* PROBLEM TO WORK ON
Go through the lines below and repeat each one exactly, skipping pictures.

* PROVIDED MATERIAL
++++++++

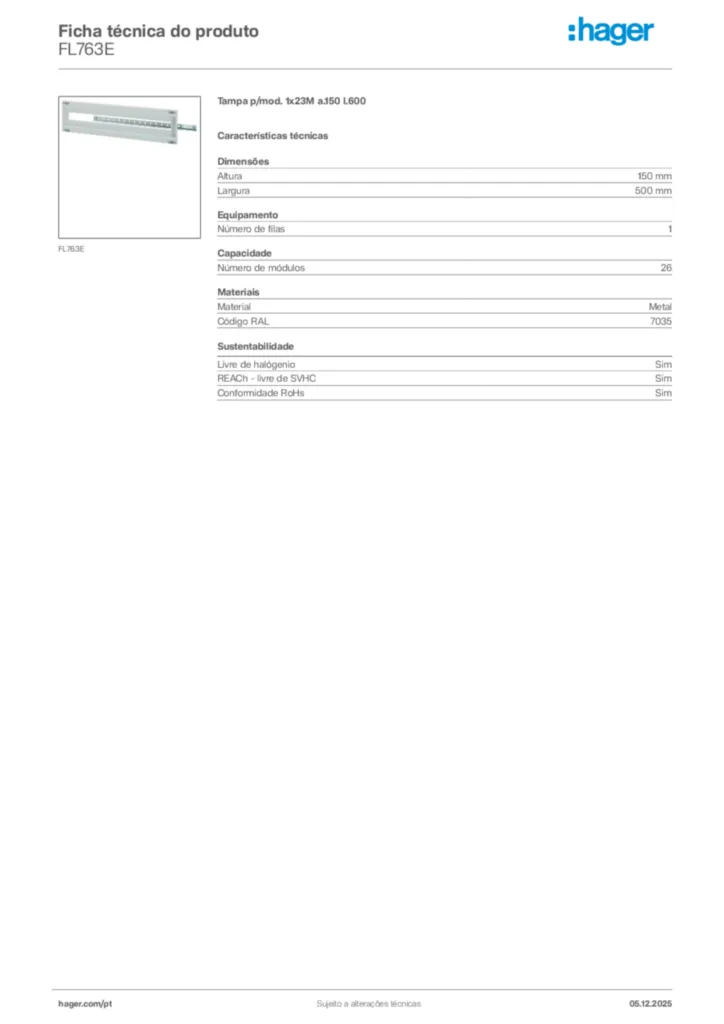 Imagem Hager Ficha técnica do produto FL763E | Hager Portugal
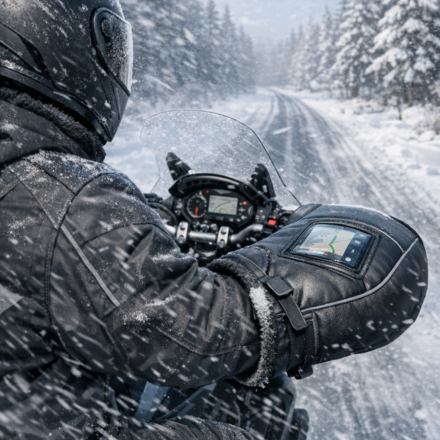Motorista consulta GPS durante una nevada en carretera forestal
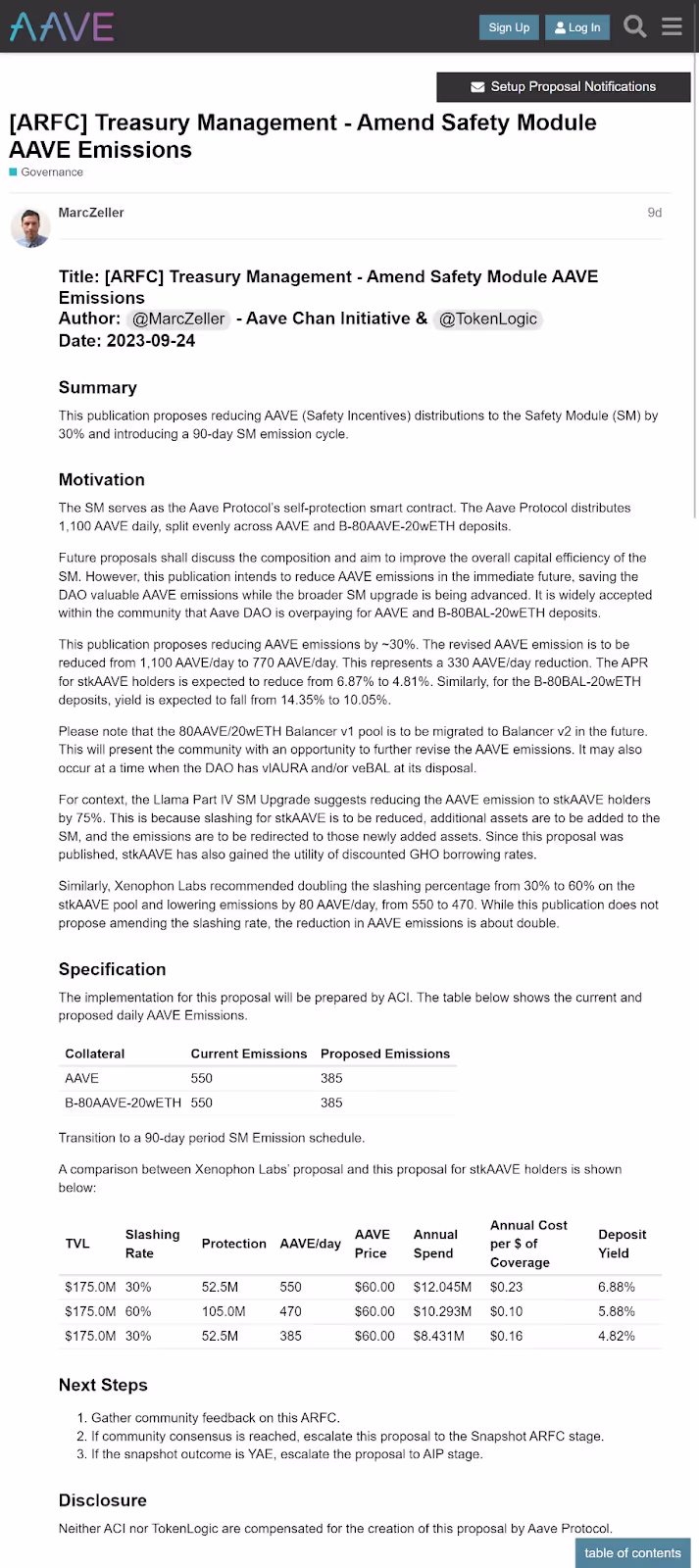 Treasury Management - Amend Safety Module AAVE Emissions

++++++++

* SOLUTION TO THIS EXERCISE
 Imagem Hager Ficha técnica do produto FL763E | Hager Portugal
Motorista consulta GPS durante una nevada en carretera forestal
 Treasury Management - Amend Safety Module AAVE Emissions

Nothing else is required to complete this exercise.